Parking was plentiful across the quiet street from the church, and the best two places in the nearest lot were clearly marked for visitors. There also were convenient spaces for the handicapped.
Just as in the slogan, the church had an open door. I was greeted by an usher with a handshake, a bulletin, words of welcome and a pat on the back.
I chose a seat at the back of the church and perused the bulletin before the service started. Although it contained no specific words for visitors, its cover listed, in large print, the church's name, the pastor's name, the church phone number and the parsonage phone number. That told me the minister really wouldn't mind a call.
Although no one spoke to me after I sat down, once the service started and the minister asked those present to greet each other, I was welcomed by many nearby members.

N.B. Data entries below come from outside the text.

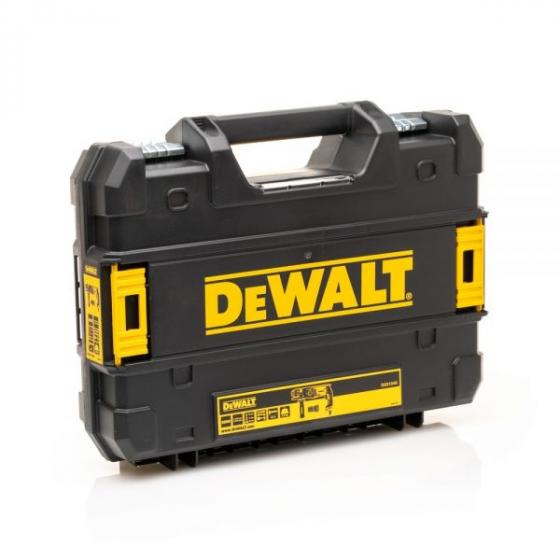 Перфоратор DEWALT D25143K, SDS-plus, 900 Вт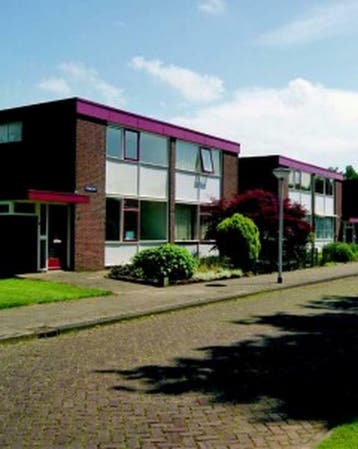 Huizen in Nederland 9789462621749, Verzenden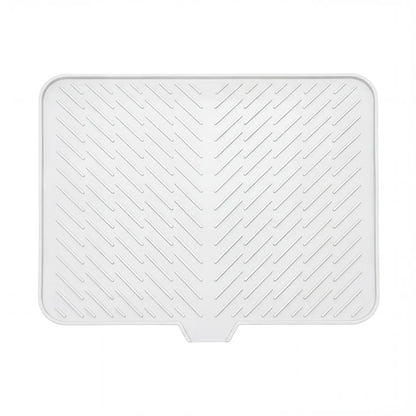 SelfDrain Silicone Mat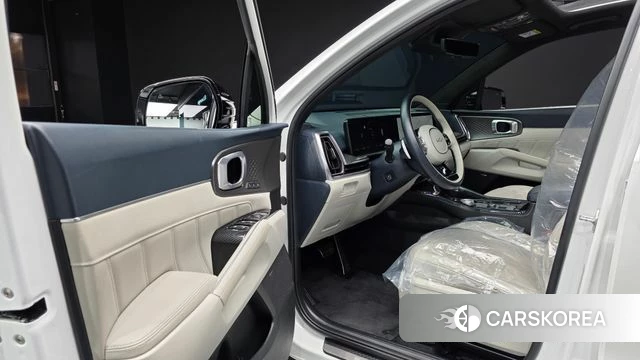 Kia The New Sorento 4th Generation id 4691772 из Кореи 36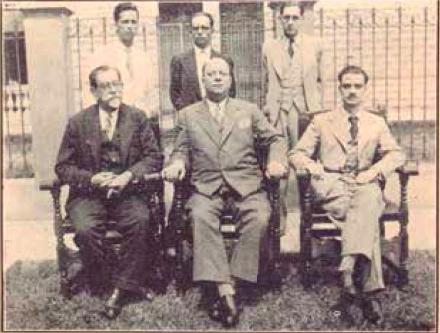 Creación del Consejo Nacional de Agricultura.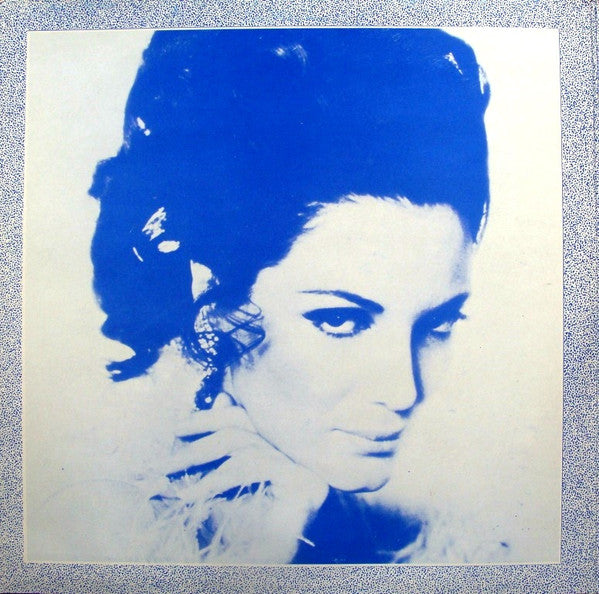Connie Francis : Greatest Hits Volume 1 & 2 (2xLP, Comp, Mono, Gat)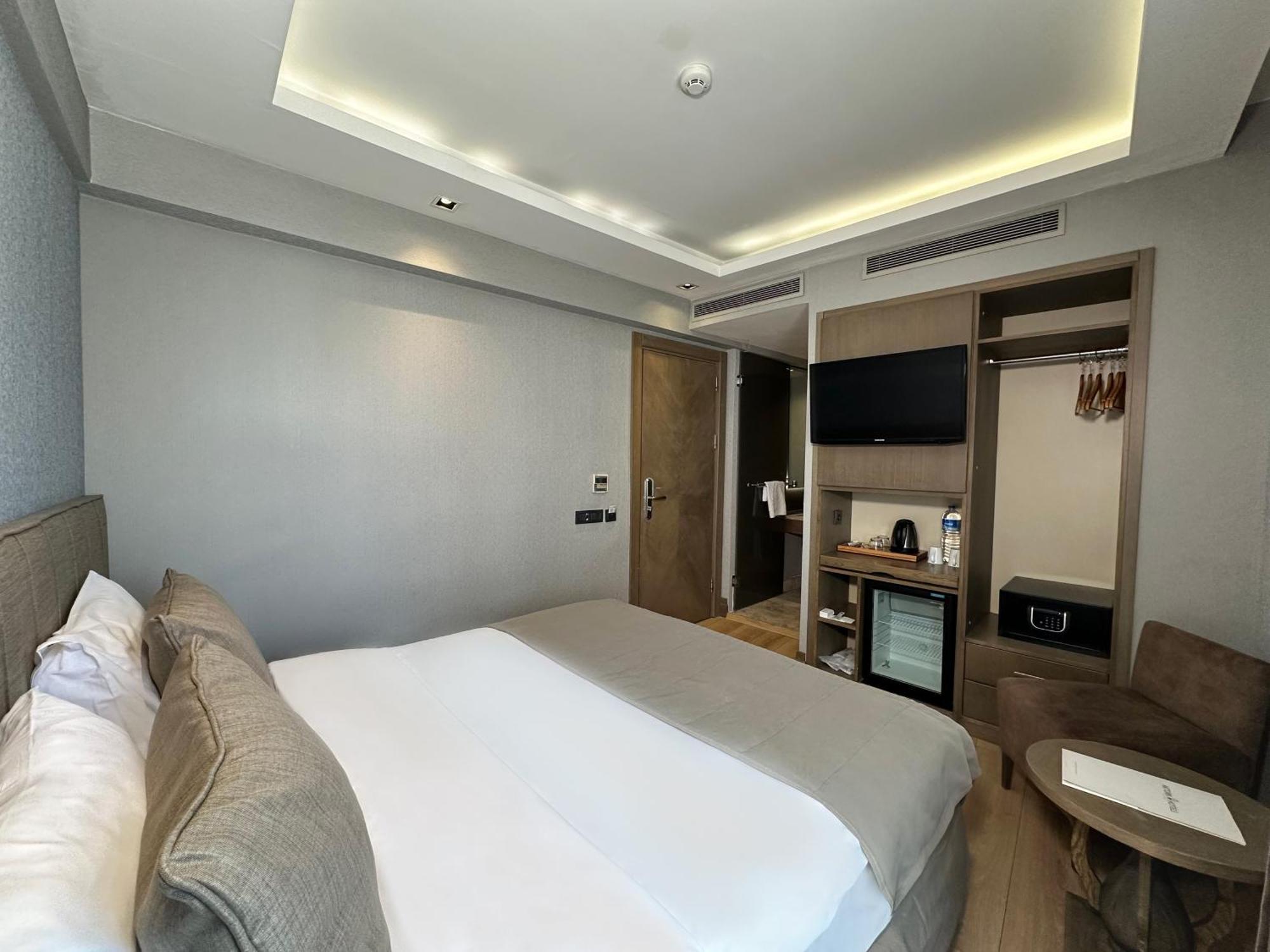 Otel Grand Beyazit 4*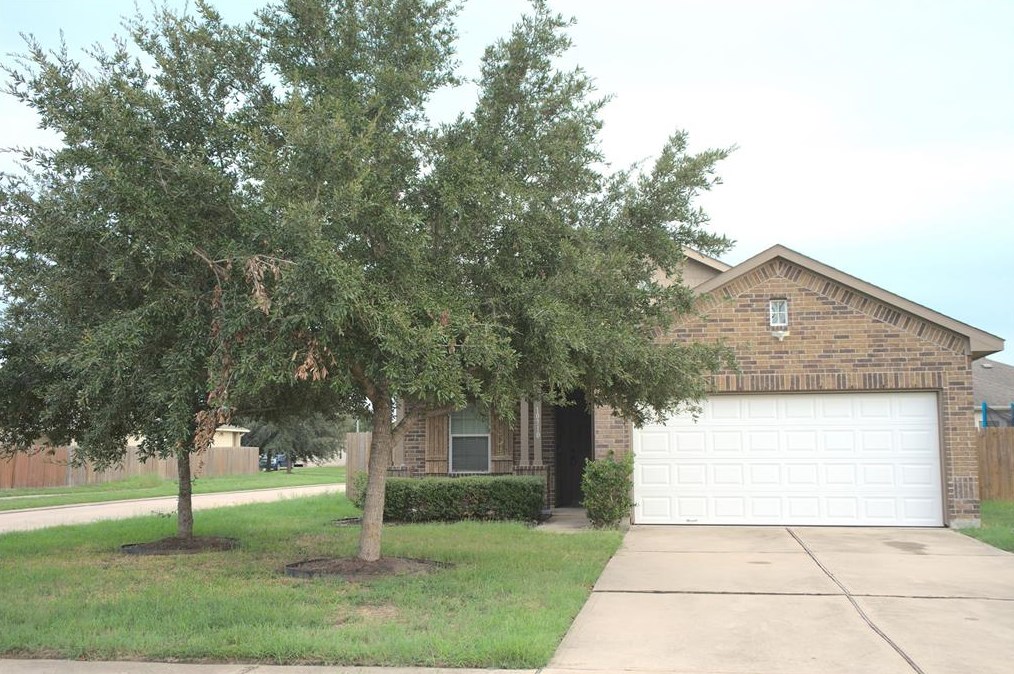 10710 Barker View Dr, Cypress, TX 77433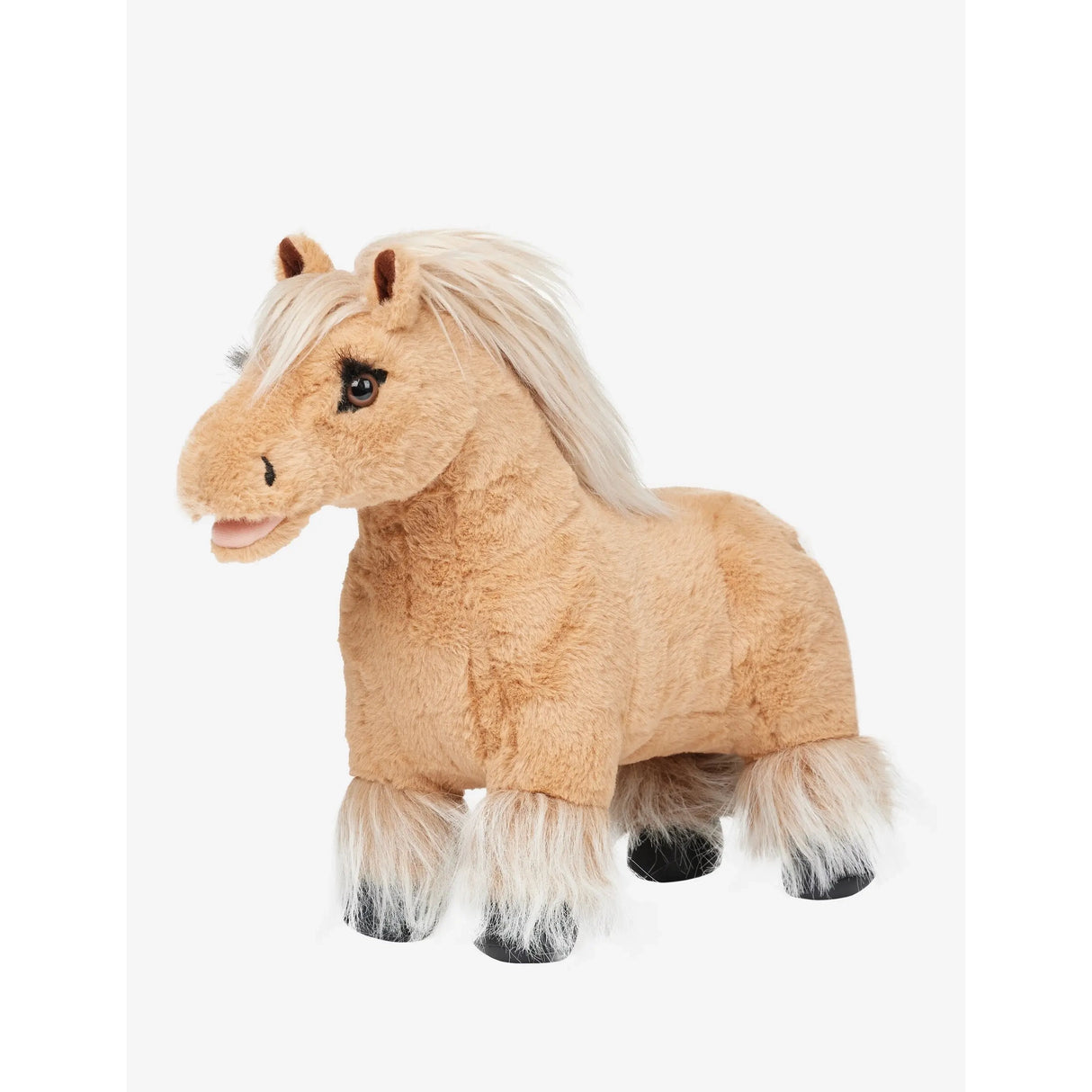 Le Mieux Toy Pony Cloudy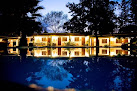 Hotel Jardin Rancho San Cayetano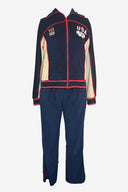 Levi's 1980's Vintage USA Olympic Tracksuit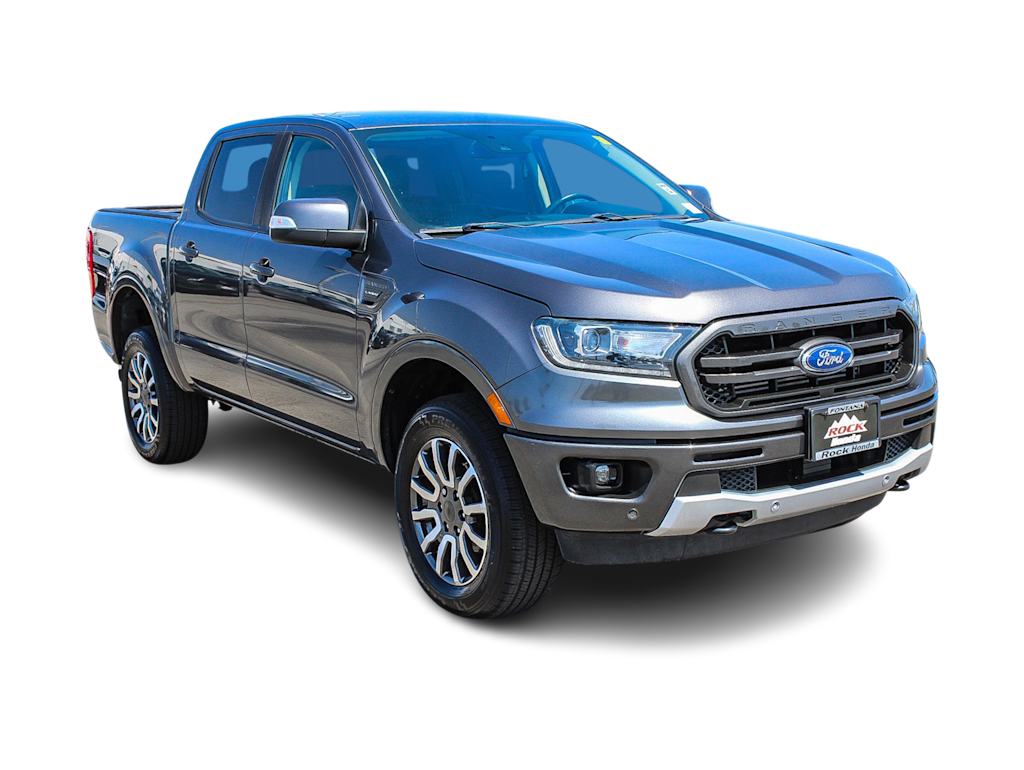Thumbnail: 2019 Ford Ranger - 18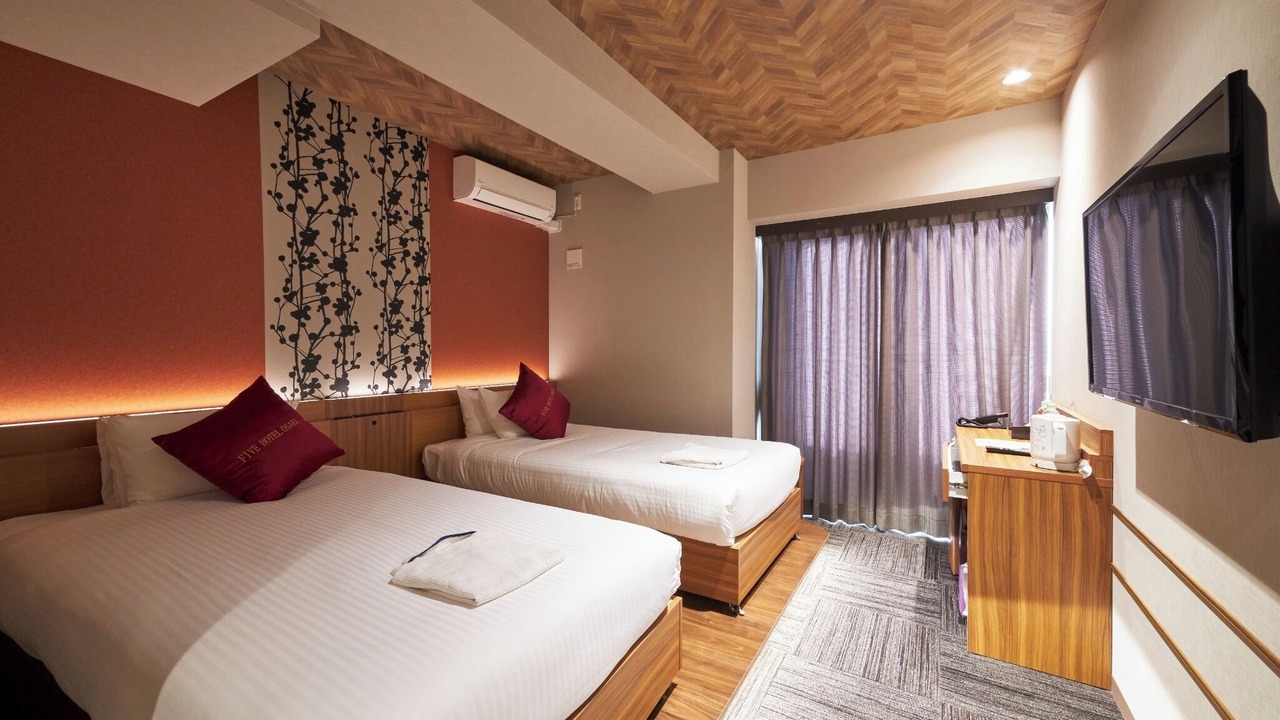 Photo of Bedroom in Ikuno
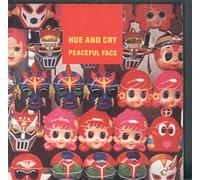 Hue And Cry - Peaceful Face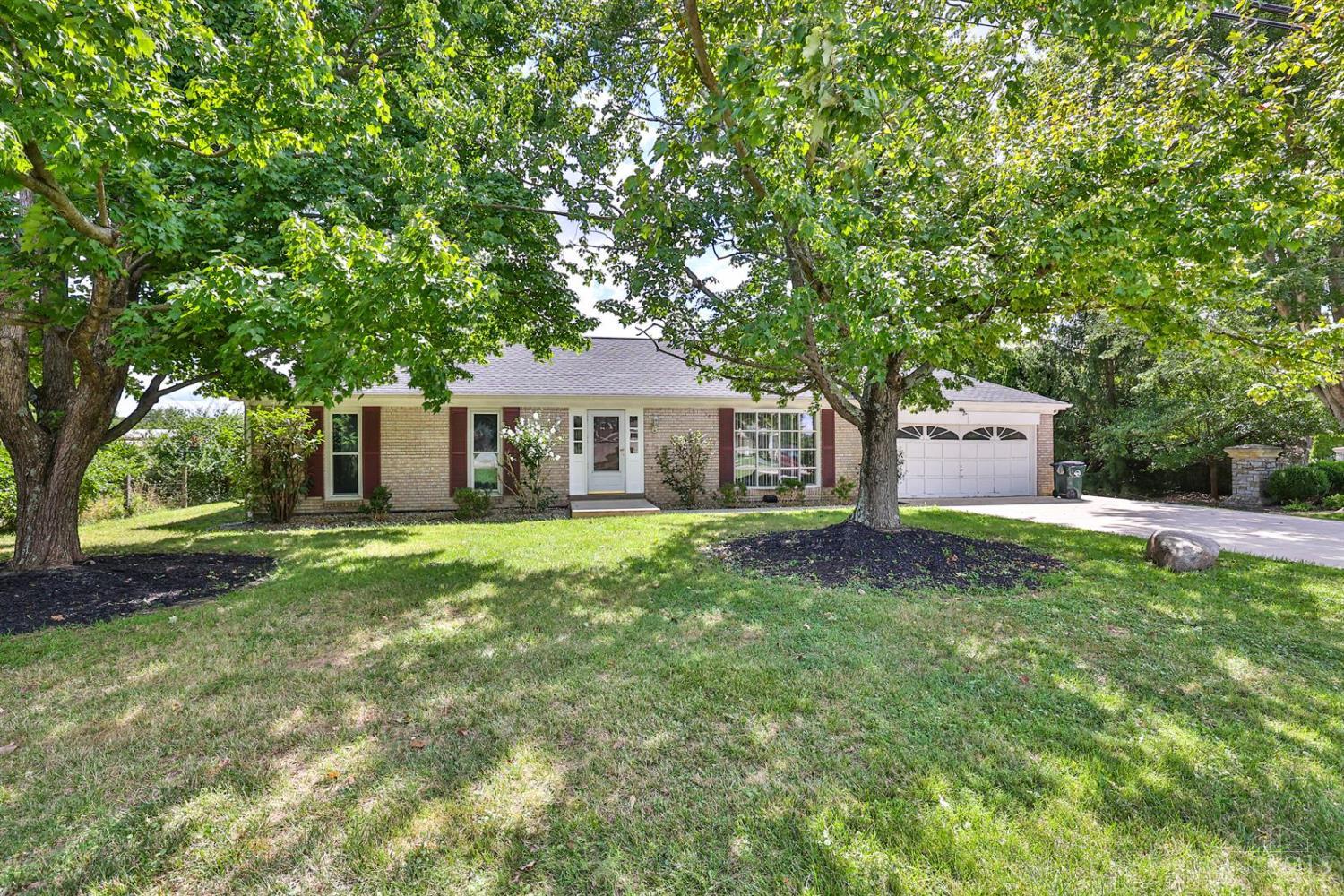 Homes for sale in Liberty Twp, OH | 6035 Kyles Station Rd, Liberty Twp, OH 45011 | MLS# 1852868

One choir member even left the altar area and came back eight rows to greet me. Moments later, the minister came back and welcomed me, too.
The minister later told the congregation that I was visiting, where I lived and that the church was glad to welcome me. (I didn't identify myself as a reporter for The Call, but I did use my real name and hometown.) There was no attendance register to note my address, but I had the feeling if I had been a local visitor someone would have sought that information from me. The service was warm and casual, and the congregation felt free to speak from their seats during a time of joys and concerns. Children not only had a special "chat" with the pastor but were given plenty of time to say anything they desired.
Through hymn, anthem and message, God's word was proclaimed in a straightforward, nonthreatening and engaging manner. At the end of the sermon, an invitation to Christian discipleship was given for anyone who had made or wished to make any decision regarding their faith.
As I was leaving, the minister greeted me again at the door and urged me to visit if I were ever in the area again. I felt this person was truly interested in me, not just in whether I might one day be a member or add to the church treasury.
As I drove away, I noted the church marquee also contained the time when the service could be seen on television and, I assumed, the sermon title for that television service. In the tradition of many marquees, it also contained a witty message for members to ponder through the next week.
When I left town, I felt this was a church that truly wanted to offer visitors open hearts, open minds and open doors.
Cooper is a member of First-Centenary United Methodist Church in Chattanooga and religion editor for the Chattanooga Times Free Press.